- PROBLEM TO WORK ON
Beginning with the line that has "Oppo Reno 12" and ending with the line that has "200 Meters /roll", retype the entries below exactly, except for the pictures.

- THE DATA
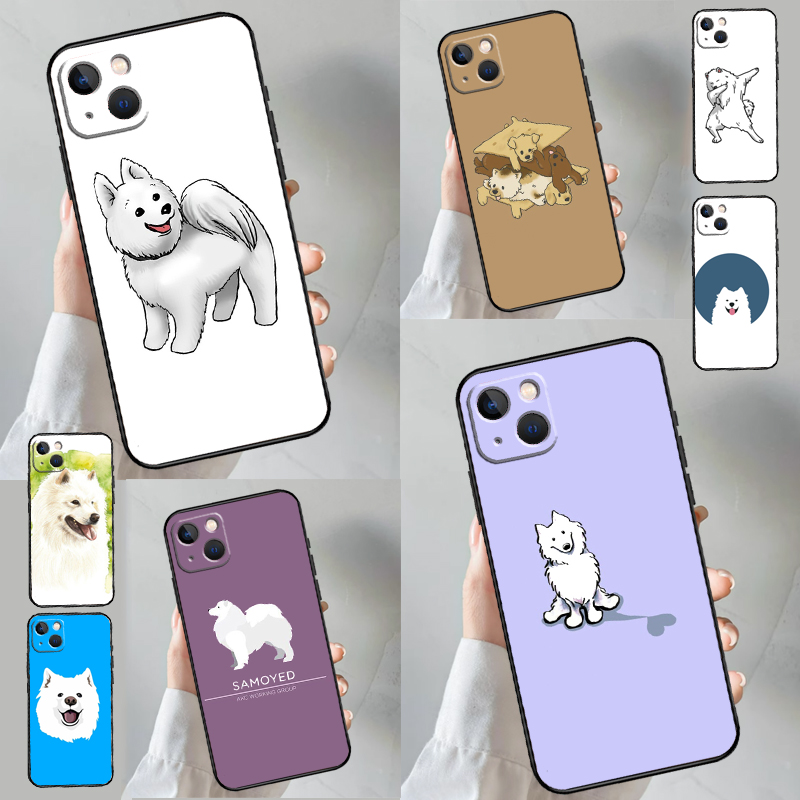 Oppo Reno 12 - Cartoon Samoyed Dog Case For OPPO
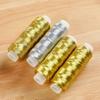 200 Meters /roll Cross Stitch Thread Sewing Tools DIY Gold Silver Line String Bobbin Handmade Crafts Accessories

* * *

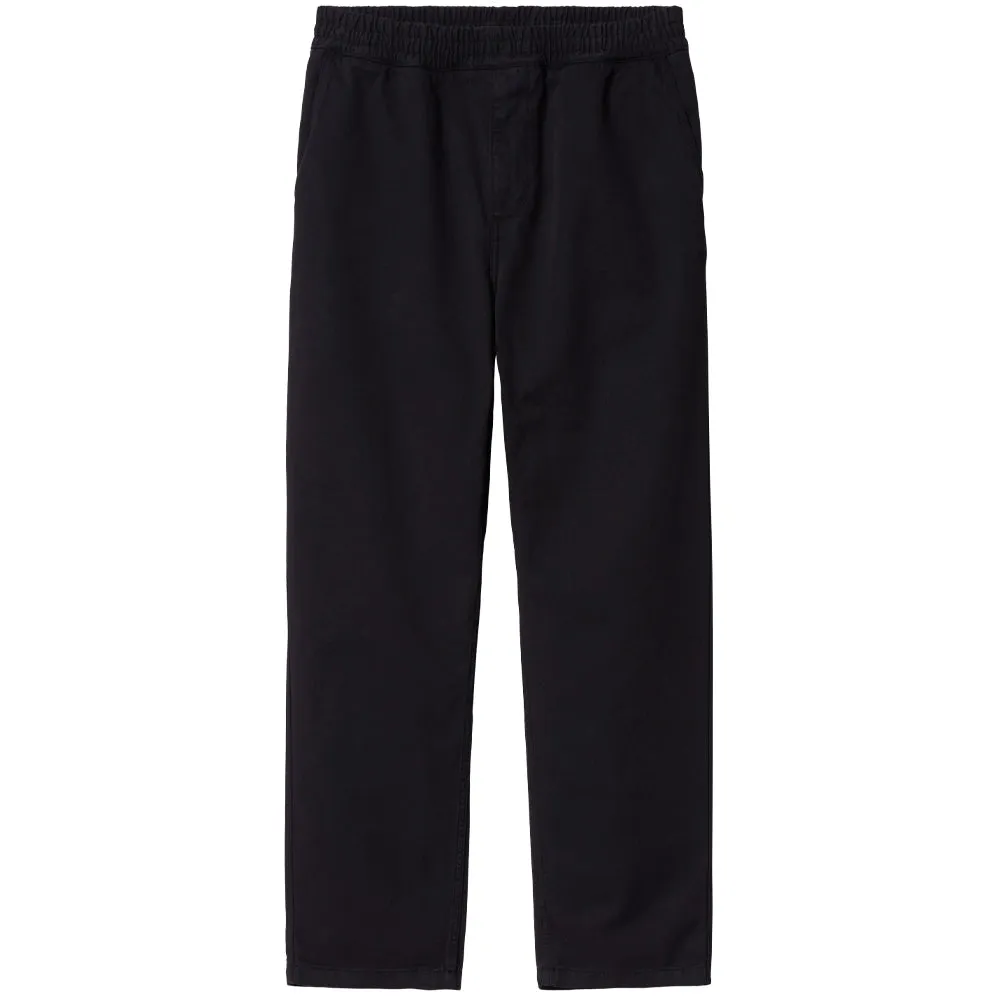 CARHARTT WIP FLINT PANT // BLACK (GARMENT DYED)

---

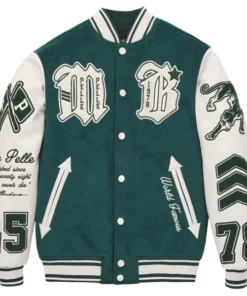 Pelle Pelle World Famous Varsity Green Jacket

- EXPECTED OUTPUT
 Oppo Reno 12 - Cartoon Samoyed Dog Case For OPPO
 200 Meters /roll Cross Stitch Thread Sewing Tools DIY Gold Silver Line String Bobbin Handmade Crafts Accessories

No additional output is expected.